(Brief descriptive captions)
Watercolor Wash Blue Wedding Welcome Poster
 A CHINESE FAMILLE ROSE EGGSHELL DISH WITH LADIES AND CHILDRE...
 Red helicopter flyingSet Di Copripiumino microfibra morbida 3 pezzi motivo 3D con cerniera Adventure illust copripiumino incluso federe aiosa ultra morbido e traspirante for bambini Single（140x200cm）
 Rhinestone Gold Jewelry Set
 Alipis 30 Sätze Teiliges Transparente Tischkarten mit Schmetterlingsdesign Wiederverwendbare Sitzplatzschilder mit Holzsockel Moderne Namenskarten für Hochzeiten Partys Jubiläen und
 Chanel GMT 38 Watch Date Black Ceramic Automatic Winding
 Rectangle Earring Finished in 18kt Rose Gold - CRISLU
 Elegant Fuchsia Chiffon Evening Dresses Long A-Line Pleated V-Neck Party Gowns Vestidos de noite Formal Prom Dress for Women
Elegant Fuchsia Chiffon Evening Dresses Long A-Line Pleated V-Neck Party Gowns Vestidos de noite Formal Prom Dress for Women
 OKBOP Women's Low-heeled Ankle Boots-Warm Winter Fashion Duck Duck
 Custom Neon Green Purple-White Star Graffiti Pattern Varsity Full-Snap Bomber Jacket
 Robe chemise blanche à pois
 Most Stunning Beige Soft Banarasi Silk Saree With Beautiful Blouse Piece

# THE TASK
Starting from the top of the records and ending at the line that contains "Rhinestone Gold Jewelry Set", repeat each line exactly and return only those lines.

# PROBLEM SOLUTION
Watercolor Wash Blue Wedding Welcome Poster
 A CHINESE FAMILLE ROSE EGGSHELL DISH WITH LADIES AND CHILDRE...
 Red helicopter flyingSet Di Copripiumino microfibra morbida 3 pezzi motivo 3D con cerniera Adventure illust copripiumino incluso federe aiosa ultra morbido e traspirante for bambini Single（140x200cm）
 Rhinestone Gold Jewelry Set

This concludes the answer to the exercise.